Caption-style text data:
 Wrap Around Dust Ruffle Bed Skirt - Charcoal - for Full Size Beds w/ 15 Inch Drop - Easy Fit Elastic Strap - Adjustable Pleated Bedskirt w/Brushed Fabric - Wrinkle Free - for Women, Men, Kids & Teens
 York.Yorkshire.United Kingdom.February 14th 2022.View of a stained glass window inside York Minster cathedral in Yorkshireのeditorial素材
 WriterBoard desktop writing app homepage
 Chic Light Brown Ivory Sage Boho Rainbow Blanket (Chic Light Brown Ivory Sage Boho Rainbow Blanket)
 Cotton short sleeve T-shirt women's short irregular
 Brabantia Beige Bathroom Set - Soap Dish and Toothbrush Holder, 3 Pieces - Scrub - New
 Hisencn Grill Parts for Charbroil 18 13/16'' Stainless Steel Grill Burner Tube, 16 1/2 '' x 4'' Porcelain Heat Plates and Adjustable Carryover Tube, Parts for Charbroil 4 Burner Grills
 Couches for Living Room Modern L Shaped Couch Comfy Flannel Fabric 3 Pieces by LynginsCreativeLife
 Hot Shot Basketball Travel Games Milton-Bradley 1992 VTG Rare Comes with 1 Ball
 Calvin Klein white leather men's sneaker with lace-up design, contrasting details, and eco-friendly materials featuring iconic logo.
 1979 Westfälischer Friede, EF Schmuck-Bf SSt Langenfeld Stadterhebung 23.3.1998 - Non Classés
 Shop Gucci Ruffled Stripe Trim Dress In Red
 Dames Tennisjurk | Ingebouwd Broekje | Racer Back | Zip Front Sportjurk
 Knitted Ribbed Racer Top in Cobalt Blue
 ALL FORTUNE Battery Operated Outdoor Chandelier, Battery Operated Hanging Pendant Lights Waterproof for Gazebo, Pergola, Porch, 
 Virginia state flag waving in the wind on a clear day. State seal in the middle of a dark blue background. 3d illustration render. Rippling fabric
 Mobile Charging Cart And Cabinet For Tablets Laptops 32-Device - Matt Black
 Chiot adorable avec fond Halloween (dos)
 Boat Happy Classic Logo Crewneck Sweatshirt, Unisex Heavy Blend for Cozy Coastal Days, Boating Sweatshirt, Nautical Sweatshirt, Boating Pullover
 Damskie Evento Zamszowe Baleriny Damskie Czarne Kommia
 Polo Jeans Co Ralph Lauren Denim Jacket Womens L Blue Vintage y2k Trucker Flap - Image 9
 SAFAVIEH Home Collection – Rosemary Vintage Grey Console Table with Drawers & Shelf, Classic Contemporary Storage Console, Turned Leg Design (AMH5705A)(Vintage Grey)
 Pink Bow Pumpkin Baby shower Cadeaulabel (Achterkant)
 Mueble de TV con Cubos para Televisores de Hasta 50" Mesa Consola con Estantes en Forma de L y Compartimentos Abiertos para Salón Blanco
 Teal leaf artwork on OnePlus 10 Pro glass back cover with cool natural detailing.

▶ [Exercise details] Restate the data above in full, keeping every word as it is.

▶ [Answer section]
 Wrap Around Dust Ruffle Bed Skirt - Charcoal - for Full Size Beds w/ 15 Inch Drop - Easy Fit Elastic Strap - Adjustable Pleated Bedskirt w/Brushed Fabric - Wrinkle Free - for Women, Men, Kids & Teens
 York.Yorkshire.United Kingdom.February 14th 2022.View of a stained glass window inside York Minster cathedral in Yorkshireのeditorial素材
 WriterBoard desktop writing app homepage
 Chic Light Brown Ivory Sage Boho Rainbow Blanket (Chic Light Brown Ivory Sage Boho Rainbow Blanket)
 Cotton short sleeve T-shirt women's short irregular
 Brabantia Beige Bathroom Set - Soap Dish and Toothbrush Holder, 3 Pieces - Scrub - New
 Hisencn Grill Parts for Charbroil 18 13/16'' Stainless Steel Grill Burner Tube, 16 1/2 '' x 4'' Porcelain Heat Plates and Adjustable Carryover Tube, Parts for Charbroil 4 Burner Grills
 Couches for Living Room Modern L Shaped Couch Comfy Flannel Fabric 3 Pieces by LynginsCreativeLife
 Hot Shot Basketball Travel Games Milton-Bradley 1992 VTG Rare Comes with 1 Ball
 Calvin Klein white leather men's sneaker with lace-up design, contrasting details, and eco-friendly materials featuring iconic logo.
 1979 Westfälischer Friede, EF Schmuck-Bf SSt Langenfeld Stadterhebung 23.3.1998 - Non Classés
 Shop Gucci Ruffled Stripe Trim Dress In Red
 Dames Tennisjurk | Ingebouwd Broekje | Racer Back | Zip Front Sportjurk
 Knitted Ribbed Racer Top in Cobalt Blue
 ALL FORTUNE Battery Operated Outdoor Chandelier, Battery Operated Hanging Pendant Lights Waterproof for Gazebo, Pergola, Porch, 
 Virginia state flag waving in the wind on a clear day. State seal in the middle of a dark blue background. 3d illustration render. Rippling fabric
 Mobile Charging Cart And Cabinet For Tablets Laptops 32-Device - Matt Black
 Chiot adorable avec fond Halloween (dos)
 Boat Happy Classic Logo Crewneck Sweatshirt, Unisex Heavy Blend for Cozy Coastal Days, Boating Sweatshirt, Nautical Sweatshirt, Boating Pullover
 Damskie Evento Zamszowe Baleriny Damskie Czarne Kommia
 Polo Jeans Co Ralph Lauren Denim Jacket Womens L Blue Vintage y2k Trucker Flap - Image 9
 SAFAVIEH Home Collection – Rosemary Vintage Grey Console Table with Drawers & Shelf, Classic Contemporary Storage Console, Turned Leg Design (AMH5705A)(Vintage Grey)
 Pink Bow Pumpkin Baby shower Cadeaulabel (Achterkant)
 Mueble de TV con Cubos para Televisores de Hasta 50" Mesa Consola con Estantes en Forma de L y Compartimentos Abiertos para Salón Blanco
 Teal leaf artwork on OnePlus 10 Pro glass back cover with cool natural detailing.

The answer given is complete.